The program has two goals: to address the vaccine distribution logistics issues, which are poorly understood, and to build alliances with the communities involved.  

“People generally agree that Canada, the U.S. and Europe should share their vaccine stocks. But that’s not enough,” says Liu.

“When the vaccine arrives on the airport tarmac, the work is just starting. You have to clear the vaccines through customs, make sure the cold chain (temperature-controlled supply chain) is in place, distribute the vaccines to the clinics, train the staff who receive them, set up vaccination and awareness campaigns, and make sure there are enough syringes and needles available. The challenges vary from country to country. Sometimes we run into rebels who are blocking roads. Other times, electricity or gas shortages interrupt the cold chain.” 

The community side of the program will be provided by the African Vaccine Delivery Alliance. The South African NGO, active in all 54 countries on the continent, was responsible for setting up a community network to monitor the redistribution of antiretrovirals (medicines used for treatment of HIV) to rural areas. “If you want to turn vaccines into immunizations, you need people to monitor the process and find solutions.”  

Learning from our mistakes  

The other major component of PERL will be the development of a research cluster to examine lessons learned. To do this, Liu would like to fund six to twelve postdoctoral fellows who can reflect on specific themes. 

The list of unresolved questions about health management is very long. What is the real impact of border closures or of curfews? And if their effect is real, does it generate negative effects that are more important? And then there is the question of vaccine hesitancy, which is still poorly understood. “It takes more than just tools to maintain confidence in vaccines. The vaccines must be accepted and used. This is the sixth major public health emergency of international concern (PHEIC) since 2000 and we are still working by trial and error.”  

For that matter, says Liu, we need to be in a position to properly apply the little knowledge we have. A member of the Independent Panel for Pandemic Preparedness and Response at the World Health Organization (WHO), Liu explains that dozens of similar panels and commissions have looked at PHEICs in the past. “Yet only 10% of their recommendations were implemented. No one was ready.” 

Liu was particularly disappointed in the political response to the pandemic. “When WHO triggered the highest level of International Health Regulations alerts on January 30, 2020, a few countries in Asia responded but Europe and America sat on their hands. February was completely lost. It wasn’t until the Director General of WHO declared a global pandemic on March 11 that things got moving. We lost six crucial weeks.” 

Toward better leadership 

These leadership shortcomings were what convinced Joanne Liu and Timothy Evans that PERL’s third area of focus had to be the development of global health leadership. Liu is pleased to be surrounded by a dynamic team of young people, including Stoljar Gold and Lily Yang (BSc’20), who’s pursuing a master’s degree in epidemiology (pictured below).

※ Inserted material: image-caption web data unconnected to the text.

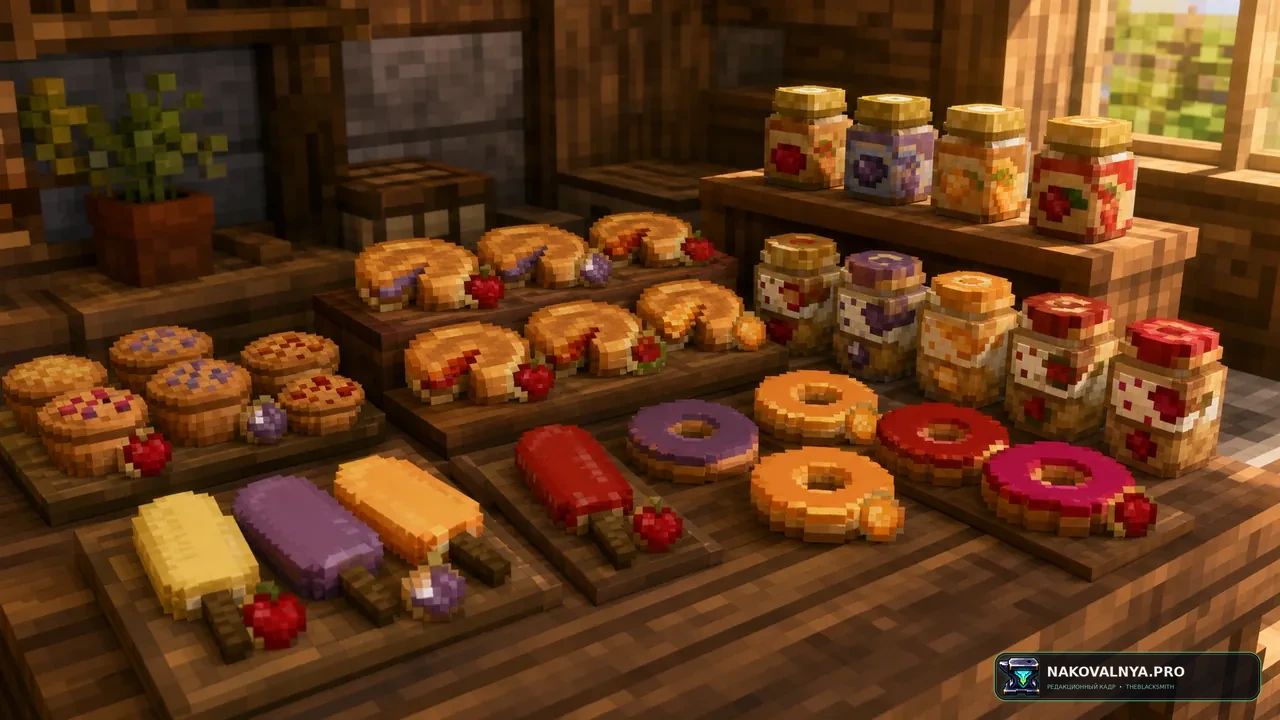 Pam's HarvestCraft 2: Food Core: сотни блюд и кухонные инструменты — редакционная иллюстрация 2 из 3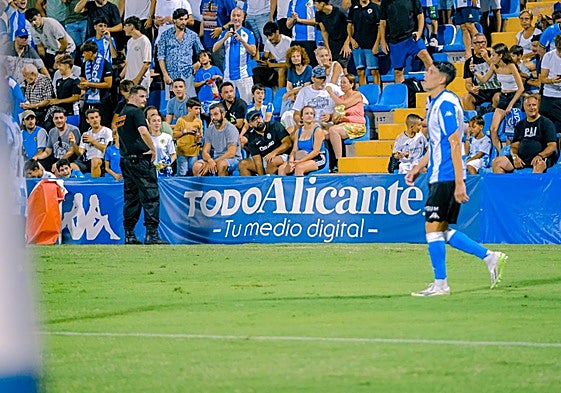 Imagen del Hércules-Ceuta de la primera jornada.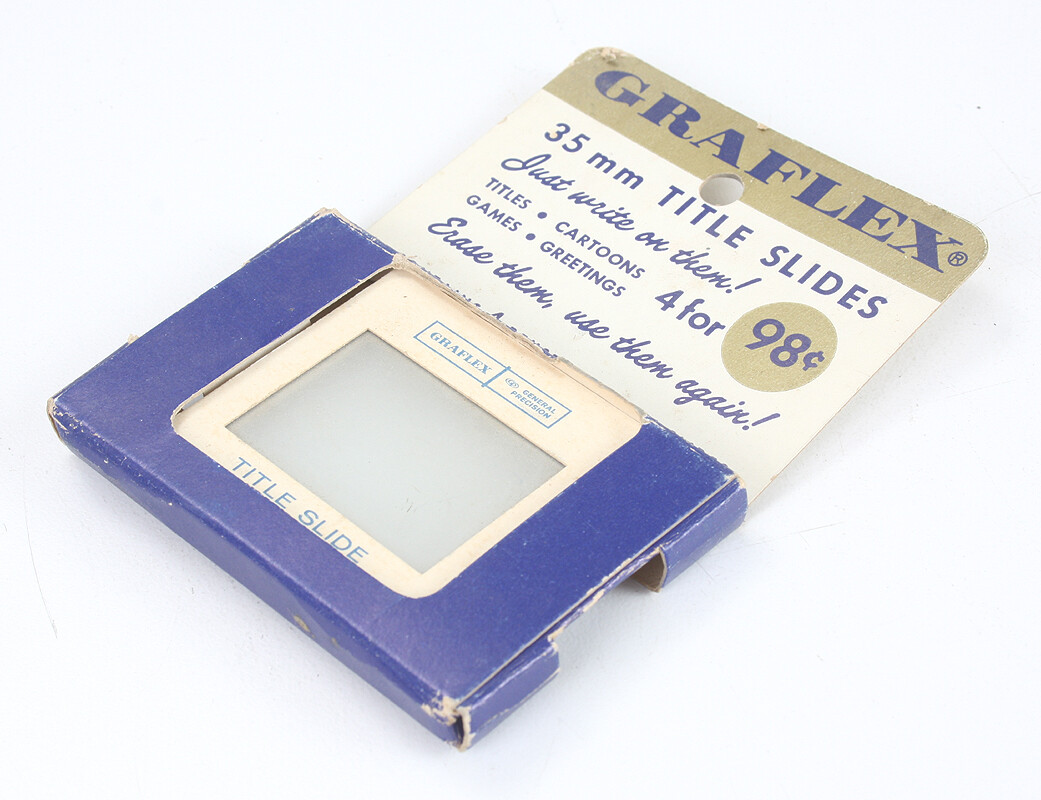 GRAFLEX TITLE SLIDES, SET OF FOUR/183323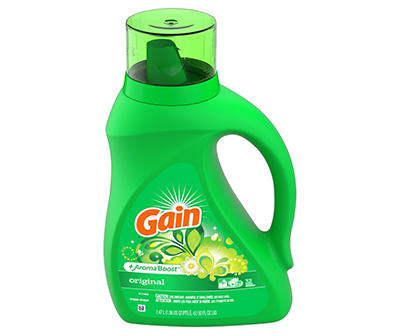 Gain + Aroma Boost Liquid Laundry Detergent, Original Scent, 32 Loads, 50 fl oz, HE Compatible
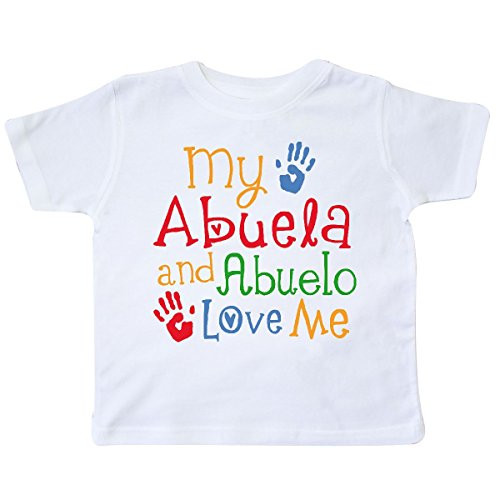 inktastic My Abuela and Abuelo Love Me Toddler T-Shirt 4T White 26a5b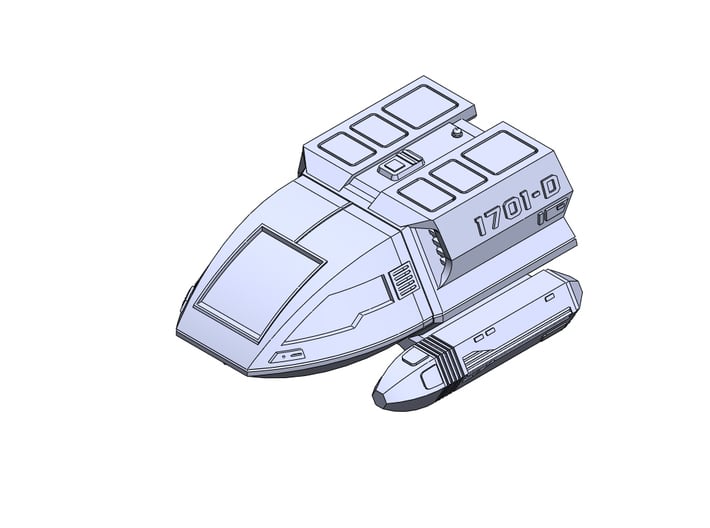 ST Type6 shuttle TNG 3d printed
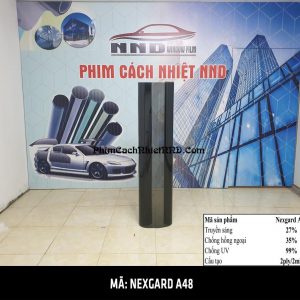 Phim cách nhiệt Hàn Quốc Nexgard mã A48 là mẫu phim có khả năng kém chất trong các dòng phim cách nhiệt của Hàn Quốc với tổng cản nhiệt chỉ 50%, tuy nhiên chúng lại khá được ưa chuộng nhờ khả năng truyền sáng cao không thay đổi nhiều màu sắc của kính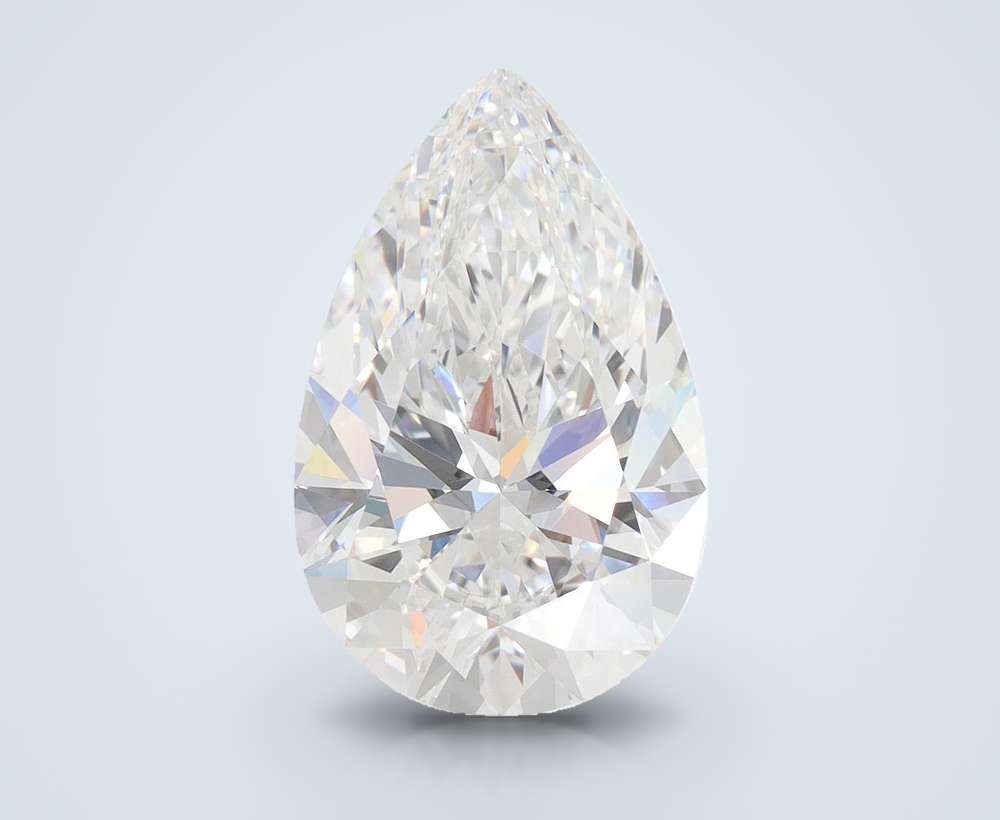 5.40 Carat Pear Lab Diamond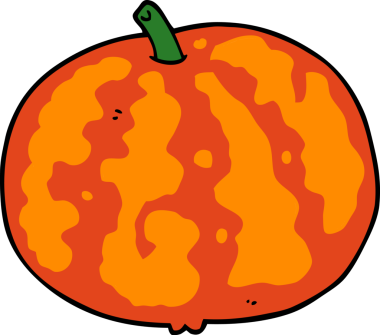 Bir insan tarafından çizilmiş karpuz.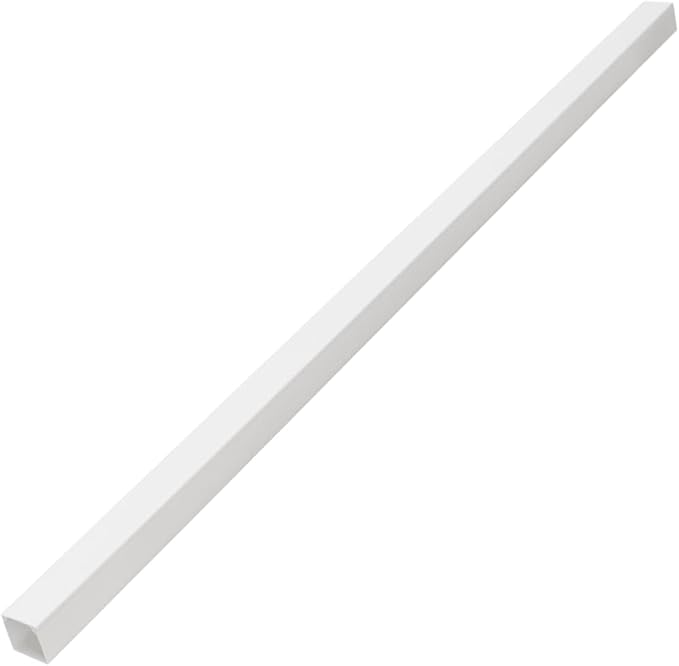 Cable Trunking Raceway Kit, 32.8ft Cord Hider for Wall, 0.8 x 0.4 Inch PVC Wire Covers, Self-Adhesive Cable Management Channel for Home and Office, White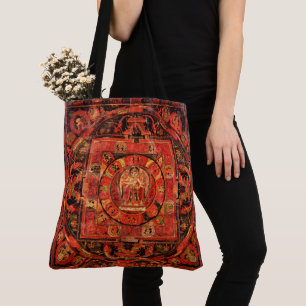 Amogapasha Mandala Tote Bag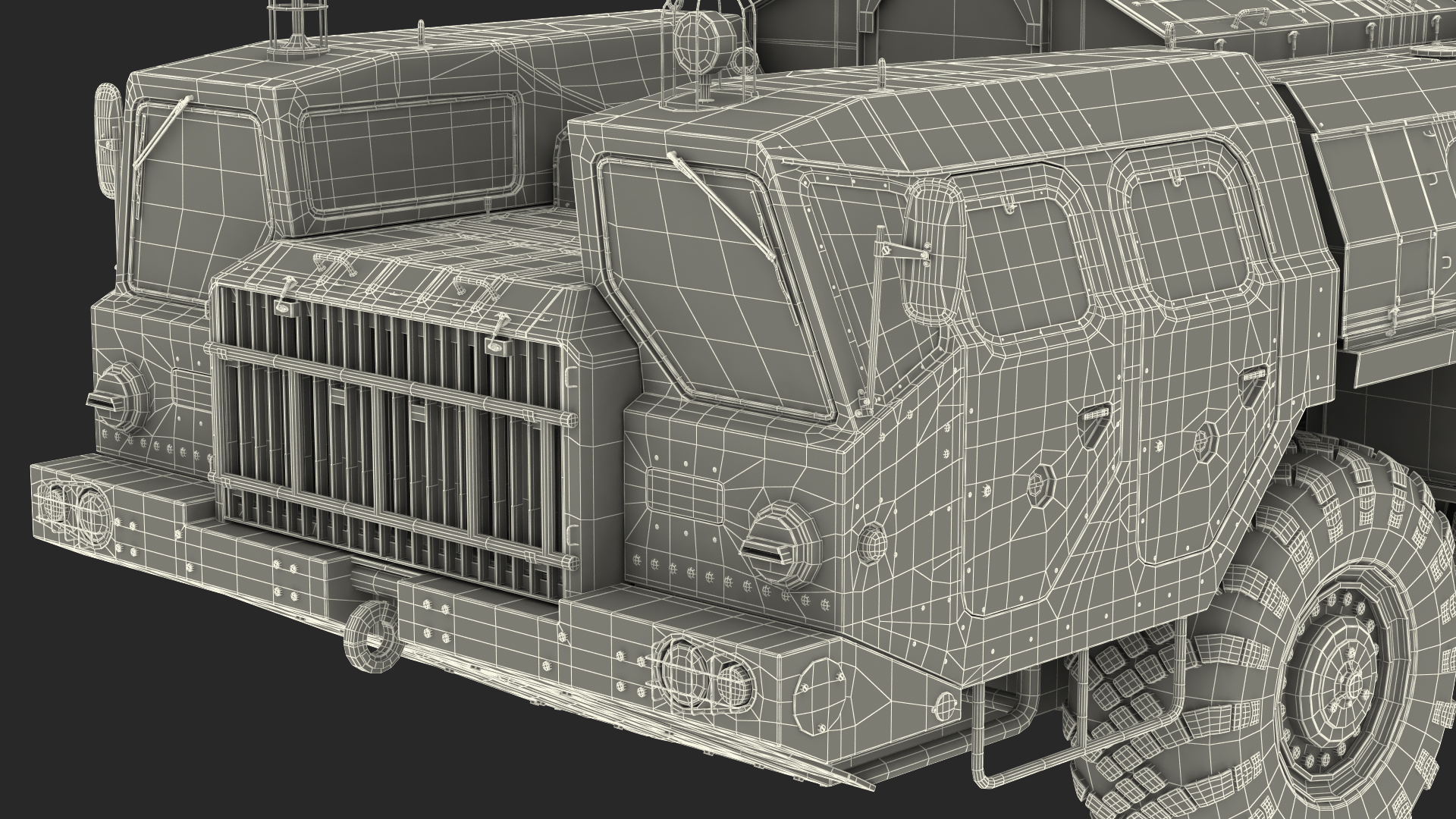 3D Maz 7910 8x8 Truck Camouflage Rigged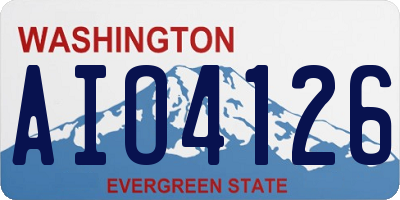 WA license plate AIO4126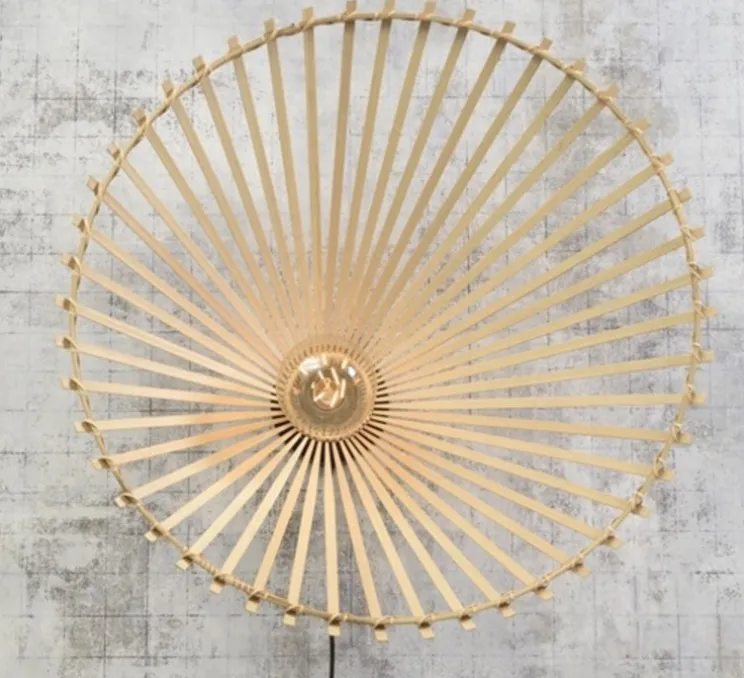 Applique murale, Bromo, naturel, Ø60cm, H13cm - Good&Mojo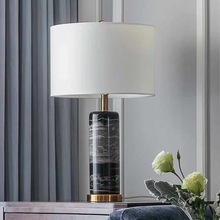 北歐現代簡約時尚大理石台燈后現代創意輕奢設計師卧室床頭燈台燈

Also on the team is Program Manager Kaebri Ziolkowski, a trained nurse with an MScPH from the London School of Hygiene and Tropical Medicine and a decade of experience as an international clinician and senior government consultant in communicable disease control. “We need to give the space to young people. Tomorrow, they will be in charge,” says Liu.

Stoljar Gold says he was convinced early on that global public health issues needed to be approached with more of an activist mindset. These problems, he says, are not just scientific or technical, but political, sociological and anthropological. “We can’t rely on a few obscure experts with degrees to solve them. You don’t need a medical degree to understand what’s at stake.” 

Liu gives global leaders a failing grade for their work during the pandemic. However, as a woman of action, she would rather work through this than simply admit defeat. “One of the lessons of the Ebola outbreak was that you have to prepare for the future while the crisis is going on. It’s not easy when everyone says, ‘We’re sick of it, we don’t want to hear about it anymore!’ But if you really don’t want to hear about it anymore, you have to finish the job.”